Research on Structural Variation Detection Methods of Wheat Genome Based on Deep Learning

Haiping Shi1, Yanling Li1, Zijing Dong1, Yuhong Li2, Fernando Bacao3
1College of Information and Management Science, Henan Agricultural University, Zhengzhou, Henan, 450002, China
2School of Electrical and Electronic Engineering, Nanyang Technological University, 50 Nanyang Ave, 639798, Singapore
3NOVA Information Management School (NOVA lMS), Campus de Campolide, Universidade Nova de Lisboa, Lisboa, 1070-312, Portugal

Abstract

Due to the complexity of genome structure and technical conditions, wheat genome structure variation has not yet been comprehensively and accurately detected and evaluated for genetic effects.

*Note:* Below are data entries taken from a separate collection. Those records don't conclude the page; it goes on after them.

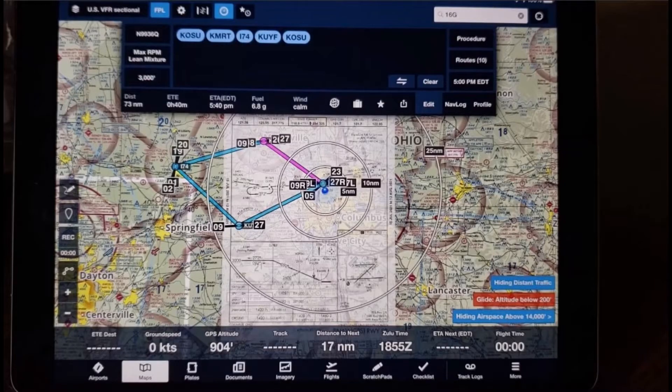Hi everyone, this is Pilot Rick. In this video I'll show you how you can load up in ForeFlight the approach for the next airport in a series of airports on an IFR round-robin training flight.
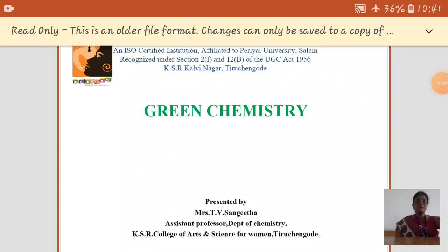The Assistant Professor, Department of Chemistry, KSR College of Arts and Science for Women. In this video, we are going to see the topic of green chemistry, which is given in the fifth unit of the Organics syllabus.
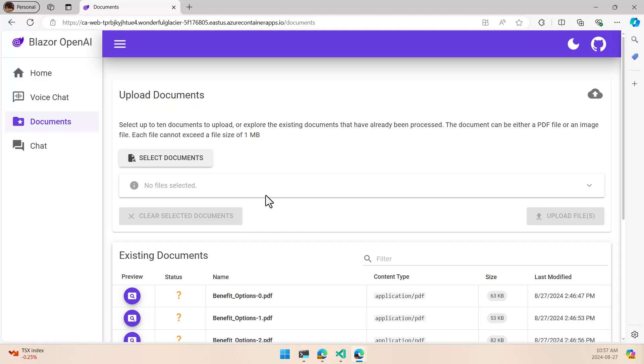So super easy, takes some time depending on how fast Azure and your subscription is working, but at the end you have everything that you need here and the application is up and running.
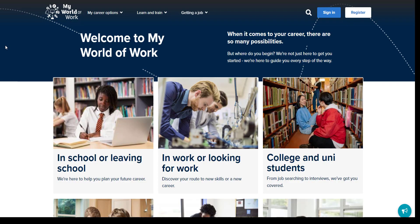My World of Work is packed full of tools, articles, advice and information to help your young person make their decisions. You might even find it useful for your own career planning. We're going to spend a few minutes showing you where to find some of the resources we recommend to help you and your young person navigate the option choice content on the site, so that you feel more confident going through it together.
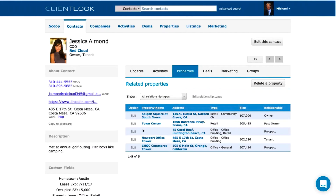The Properties tab is where you relate people and properties together — a big deal, because over time you want to understand relationships between people and properties. They might be a tenant, owner, broker, property manager, investor, or prospect. In ClientLook you can relate people and properties and assign a relationship type. One person can have five different relationships to the same property. When you pull up Jessica's record, you see her list of properties — she's the owner of this one, the past owner of that one, a prospect for this one — with details on type and size. Click any of them and it jumps right to that property.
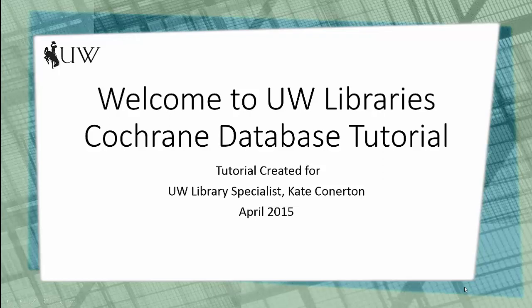Hello and welcome to the UW Libraries tutorial. In this tutorial you will learn how to do a database search for a basic keyword term. The database is the Cochrane Library through the UW Libraries. It is a medical database system.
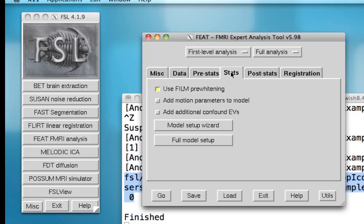The stats tab of FEAT is probably the most involved part of the analysis stream. We'll talk more about this later, but it involves your model setup to try to model the time series that's going on in each voxel in your data.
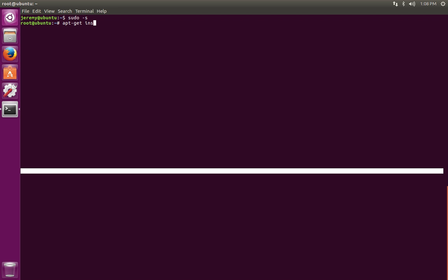We're going to do apt-get install. Since we're using the open version, we're going to start with the open JRE prefix. If you don't get a list of choices for open JRE, you may have to update your packages.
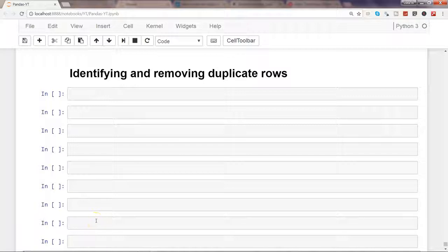In this video I will talk about how you can identify and remove duplicate reports in Python using the pandas library.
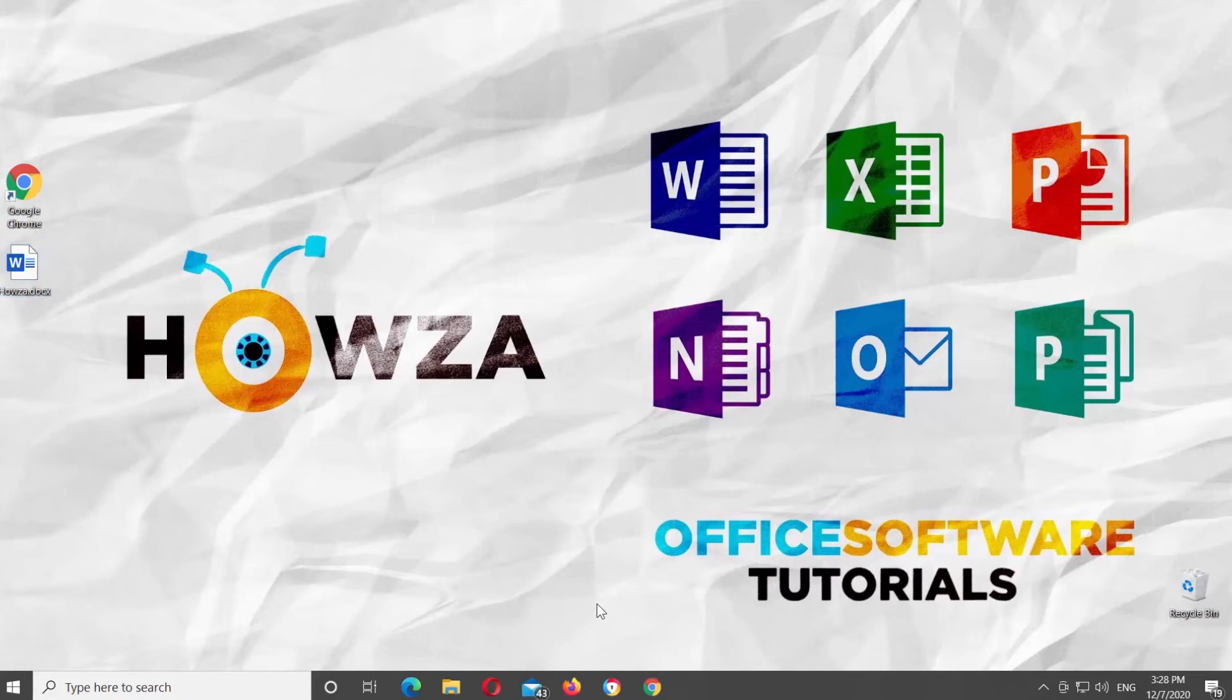Hey! Welcome to Howza Channel! In today's tutorial, you will learn how to create a colorful heading in Microsoft Word.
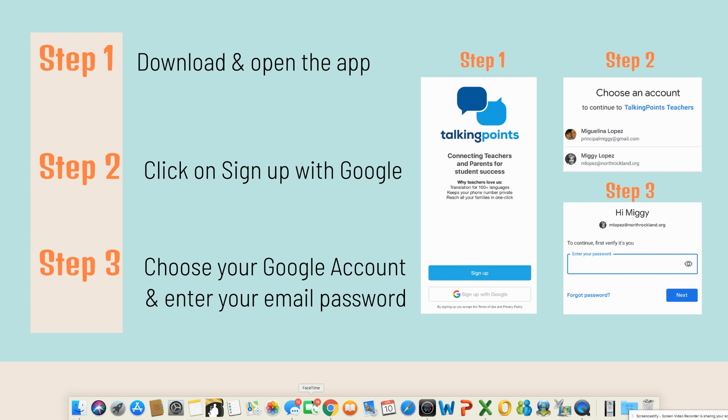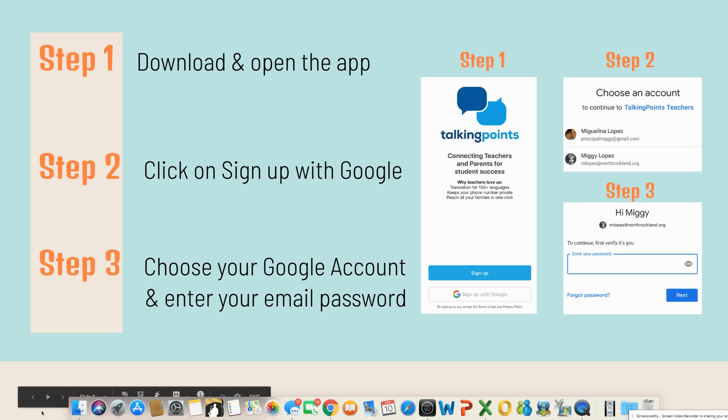You have an option to sign up. You can put in your phone number and whatever information you'd like, or you can sign up with your Google account, which makes the most sense. You can sign up with your school's Google account, and that's exactly what I did. I clicked on sign up with Google, and once you do, a window comes up that gives you all your Google accounts. I went ahead and selected my school account. The next window that opens has you sign in to your Google email account, so you put in whatever password you set up for your email.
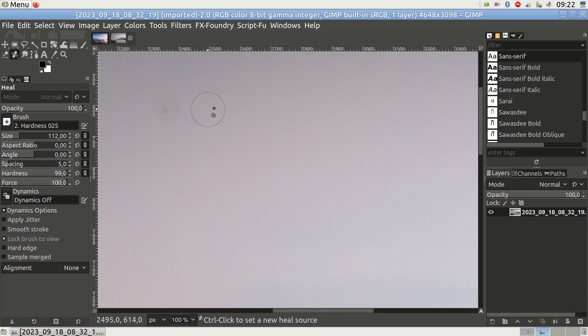Now, position the circle right next to the dust spot, ensuring that no part of the dust spot is covered. Ensure that the color and texture of the area where you placed the circle closely match the area with the dust spot.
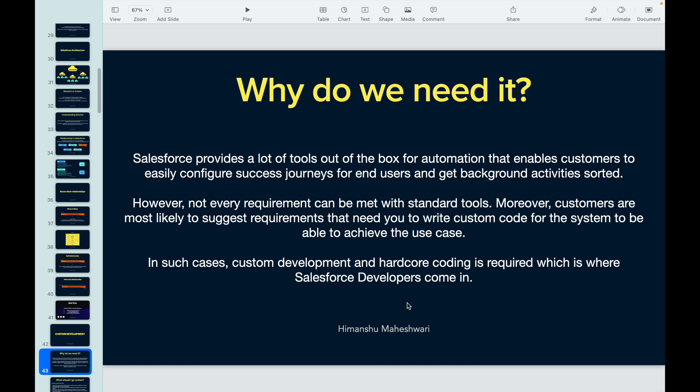In cases where the platform tool or out-of-the-box tool is not able to provide what is needed for a business use case, that's where Salesforce developers and custom development come in. Pretty much all projects require something custom. If I'm talking about a mid to very large size business, there's a lot of requirement for doing something custom, because there are a lot of things the standard out-of-the-box tools cannot handle. That's where we — Salesforce developers — come in, and some really good coding is required.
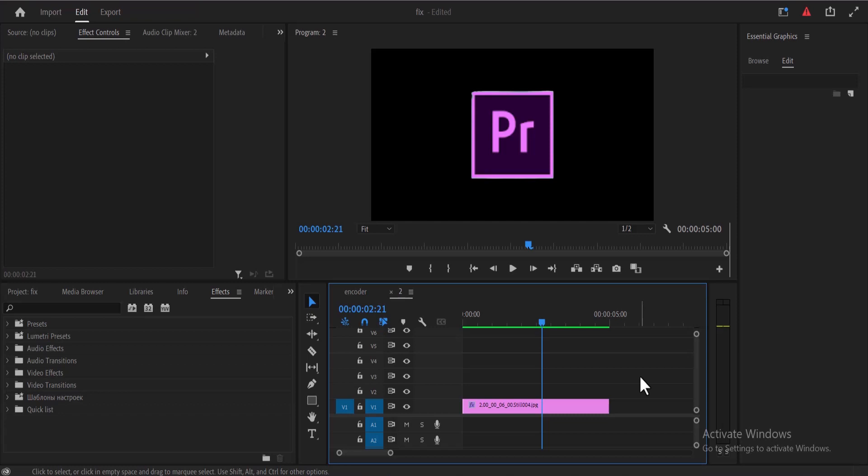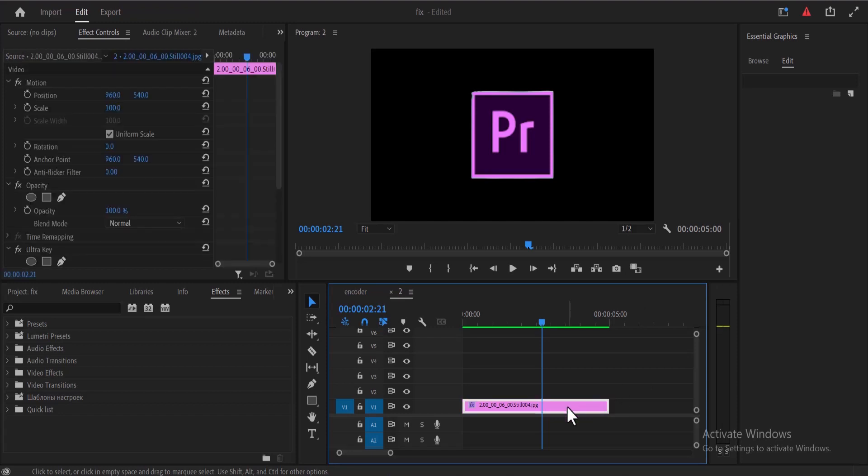Hello guys and welcome to another Premiere Pro tutorial. In this tutorial I'm going to show you how to make a 3D spinning logo animation effect in Premiere Pro. To begin, click on the logo on the timeline and make sure that your playhead is at the start of your clip.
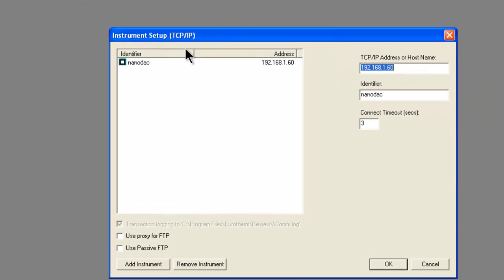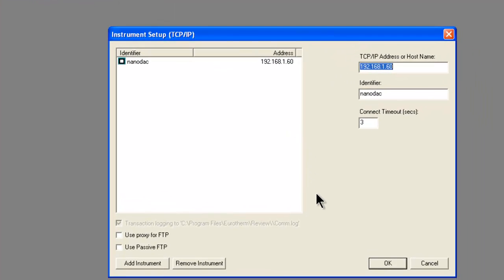Just to verify that the information is there, click on Instrument, Setup, TCPIP once again, and you'll see everything that we just entered is there. And this is the end of this tutorial.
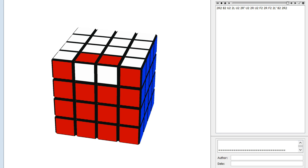The Single Edge Flip Parity Problem, or in general, Odd Parity. A hideous thing.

The aim of this study is to construct a method based on deep learning algorithm to accurately detect genomic structure variation in wheat. The method converts genomic data into image form by genomic structure variation image generation algorithm. A gene structure variation prediction model is constructed based on deep learning, and efficient and accurate structure variation prediction is realized by automatically extracting and analyzing the variation features in the image. The experimental results show that this method has better detection performance than other structural variation detection methods based on third-generation sequencing data, especially in the structural variation detection of the “Sequencing and Assembly of Spring Wheat Genome in China” project, and the accuracy, precision, and recall rate of this method are all over 90%. This study provides a novel deep learning framework for efficiently detecting structural variants in the wheat genome, and provides powerful technical support for genetic improvement and breeding research of wheat.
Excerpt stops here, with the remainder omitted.